Sgt. Darron Mikeworth had just come out of a drug-induced coma — his mind was still in a fog and he was so weak he could barely stand.

Three weeks before, in Iraq, a suicide bomber had raced up to the right side of his Humvee, igniting a barrel of explosives that tore into the machine gunner's face. He nearly died.

Mikeworth awoke in a hospital bed, thousands of miles away.

He was relieved he still had his arms and legs. He was thrilled, too, that his ears had survived the blast. But he had wounds he could not see, life-changing wounds. His wife, Dea, helped break the news: His face was in bad shape. His left eye was useless.

And there was more.

At first, Mikeworth was too groggy to absorb it all. He was caught up in hallucinations of basketball players shooting hoops in the hospital, of cars on the highway floating in air. He didn't know what was fantasy and what wasn't — until he shuffled into the physical therapy room and stood numbly before a full-length mirror.

"I just had to keep telling myself I'm NOT going to wake up out of this one," he says. "THIS is not a dream. THIS is real."
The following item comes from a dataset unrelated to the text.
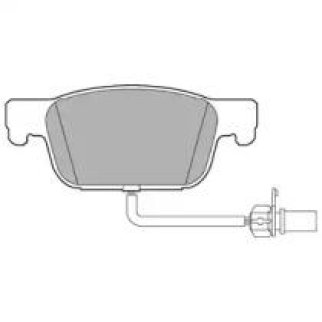 Колодки дисковые тормозные, комплект фото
His head was one giant purple bruise, his eyelids were nearly swollen shut. His left eye had been removed (he'd given his OK from his hospital bed.) His eyelashes and most of his eyebrows were singed off; so, too, was his hair halfway back on his scalp. His nose was mostly gone, just a sliver of cartilage remaining; skeletal-like bones revealed his sinuses. His top right lip was curled into a snarl, making it impossible to close his mouth. His right jaw was torn. His bottom teeth, loosened by the blast, were wired together.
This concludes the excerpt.